System that consumes data from Wikipedia EventStreams service and exposes analytics dashboard with insights about activity on different wikipedia instances. See:
- Architecture section for tech details,
- Deployment for instructions on running the code,
- Screenshot for overview of ready dashboard.
Project submitted for Data Engineering Zoomcamp 2024.

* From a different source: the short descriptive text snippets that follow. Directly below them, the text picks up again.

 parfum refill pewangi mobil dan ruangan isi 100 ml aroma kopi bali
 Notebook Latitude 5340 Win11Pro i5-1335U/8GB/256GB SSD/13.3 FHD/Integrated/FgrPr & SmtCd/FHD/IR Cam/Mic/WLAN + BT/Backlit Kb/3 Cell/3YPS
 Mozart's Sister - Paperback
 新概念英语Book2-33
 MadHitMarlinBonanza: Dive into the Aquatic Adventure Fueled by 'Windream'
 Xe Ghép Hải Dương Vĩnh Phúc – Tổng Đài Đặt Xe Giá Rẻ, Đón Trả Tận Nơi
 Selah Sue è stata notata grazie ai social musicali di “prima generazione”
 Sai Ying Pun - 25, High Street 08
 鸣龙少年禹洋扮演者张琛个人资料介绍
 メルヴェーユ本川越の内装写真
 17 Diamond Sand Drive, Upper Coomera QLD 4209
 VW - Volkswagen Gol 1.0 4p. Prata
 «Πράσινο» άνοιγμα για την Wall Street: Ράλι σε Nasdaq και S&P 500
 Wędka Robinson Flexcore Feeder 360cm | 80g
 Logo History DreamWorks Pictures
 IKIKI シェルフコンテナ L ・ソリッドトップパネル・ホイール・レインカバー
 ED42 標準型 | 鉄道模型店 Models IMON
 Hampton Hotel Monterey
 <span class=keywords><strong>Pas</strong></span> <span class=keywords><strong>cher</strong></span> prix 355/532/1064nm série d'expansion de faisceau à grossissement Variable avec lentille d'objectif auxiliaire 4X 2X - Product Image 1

Guiding principles of tech choices:
- avoiding vendor lock in,
- preferring lightweight tools without redudant features,
- configuration kept in repo.
This repo contains example terraform config for Deployment using Hetzner Cloud but in principle everything can work on any linux server, hosted anywhere. Also, no proprietary tools are used.
Component | Description |
---|---|
wiki_sse_reader | Python service reading Server-sent events from wikipedia source |
wiki_dbt | Models (i.e. SQL code) for transforming data within database |
wiki_dash | BI dashboard app defined in Python (Dash) |
RabbitMQ | Message queue that handles events |
Clickhouse | Main OLAP database to store data and run analytics queries |
table | level (medallion architecture) | description |
---|---|---|
wiki_raw | bronze | Raw ingested wiki data |
wiki | silver | Parsed and filtered wiki data |
wiki_minutely_summary | gold | Event count by minute (total) |
wiki_hourly_summary | gold | Event count by hour (total) |
wiki_minutely_bywiki_summary | gold | Event count by minute (by wiki) |
wiki_hourly_bywiki_summary | gold | Event count by hour (by wiki) |
wiki_weekdays_summary | gold | Average event count for specific times of the week |
wiki_bywiki_summary | gold | Total event counts by wiki |